Преобразованием Сената и учреждением министерств Александр имел в виду удовлетворить современным требованиям правительственной организации, как ее понимали на Западе. Не менее того занимал царя вопрос об устройстве или освобождении крестьян. Державин был ярым противником этой мысли. Меры, принятые в этом направлении, были одобрены в государственном совете единогласно; только Державин остался при особом мнении:
«Хотя, – писал он, – по древним законам права владельцев на рабство крестьян нет, но политические виды, укрепив крестьян земле, тем самым ввели рабство в обычай. Обычай сей, утвержденный временем, сделался столь священным, что прикоснуться к нему без вредных последствий велика потребна осторожность».
Автора этих строк можно угадать отчасти по описанию крестьянской идиллии в оде «Осень во время осады Очакова», где Державин говорит:
Запасшися крестьянин хлебом,
Ест добры щи и пиво пьет,
Обогащенный щедрым небом,
Блаженство дней своих поет.
Подлинно – лишнее было освобождать таких счастливцев. Но ввиду опасности положения Державин настроил снова лиру на крепостной лад и в анакреонтической оде «Голубка» старался еще раз убедить читателя в преимуществах для народа помещичьей власти.

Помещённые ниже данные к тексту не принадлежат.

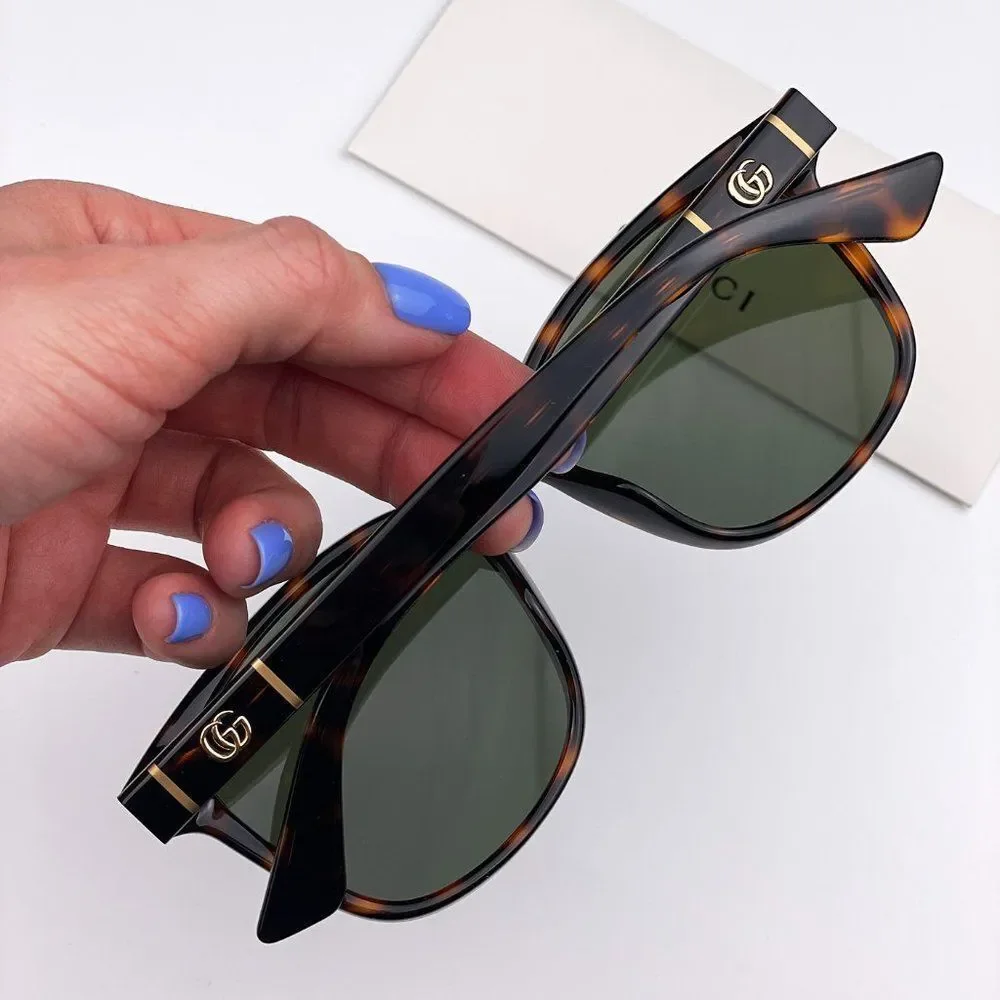 GUCCI LOGO GG0637SK 002 Sunglasses Havana Green Square Men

Конечно, Державин выражал мнение далеко не только свое, но большинства современных ему «передовых» людей. И человеколюбивый масон Лопухин, и высокоумная княгиня Дашкова во главе легионов находили опасность в «расслаблении связей». Первый доказывал, что «для охранения благоустройства общего нет надежнее полиции, как помещики». Это было, по крайней мере, откровенно и ясно. Княгиня же ссылалась на то, что благосостояние крестьянства выгодно для дворян, а вследствие того, по ее мнению, надо было быть безумным, чтобы притеснять крепостных. Логика, как известно, на практике не выдерживала критики, и помещики нередко душили своих кормильцев в более или менее дружеских объятиях. Многие пугали и тем, что мысль об освобождении уже носилась в народе, и каждый шаг в этом направлении может родить превратные толки, помещики усмотрят угрозу их собственности, и крестьяне возмечтают о неограниченной свободе. На основании подобных соображений и Державин был одним из крайних противников поступательного движения. В конце концов последовал, однако, указ о свободных хлебопашцах – и призраки рассеялись.

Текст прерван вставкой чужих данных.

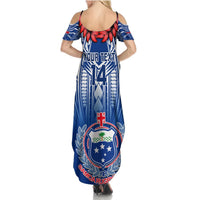 Custom Samoa Rugby Summer Maxi Dress 2023 Go Manu Samoa With Ula Fala Style LT14 - Polynesian Pride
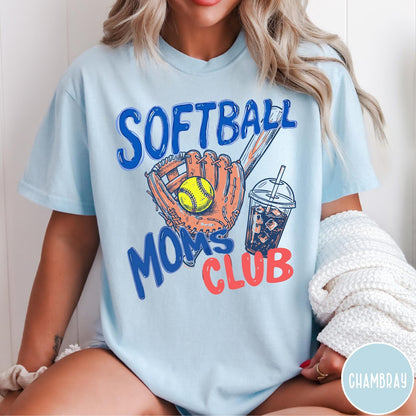 Comfort Colors tee in Chambray featuring softball mom life graphic with baseball glove, ball, and iced coffee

Не только в крестьянском вопросе, но и во всех замыслах Александра Державин являлся тормозом, вечно видел кругом, в лучших людях, его окружавших, какие-то польско-еврейские интриги, всех министров также подозревал в интригах то против Александра, то против себя как единственного правдолюбивого охранителя. Эту роль он брал на себя до такой степени назойливо, что государю очень трудно было сохранить хладнокровие и не обидеть старика. В конце концов, однако, согласие стало невозможно, и Державин должен был сойти со сцены. Увольнение его было решено. В октябре 1803 года он приехал во дворец с докладом, но государь не принял его, а на другой день послал рескрипт, в котором просил оставить пост министра, продолжая присутствовать в Сенате и совете.
Затем на аудиенции государь заметил ему, что он слишком ревностно служит. Оскорбленный поэт просил отставки и получил ее с позволением носить сенаторский мундир, с сохранением жалованья и шести тысяч столовых ежегодно.
Интриги польской партии были, конечно, ни при чем: против Державина были все сенаторы и министры, в том числе Завадовский, Воронцов, Трошинский – враги этой партии.
Княгиня Дашкова, некогда друг и покровитель поэта, пишет в 1802 году Воронцову (брату своему): «Здесь (в Москве) очень смеются над нападками, с которыми Державин выступил против сенаторов и министров своими лживыми докладами».
Граф Растопчин, поддерживавший отличные отношения с Державиным, писал о нем в то же время шутливо: «Мне рассказывали очень смешное про Державина, что он бранит просителей за дурной слог их прошений и вместо ответа по делу доказывает им ошибки против грамматики ».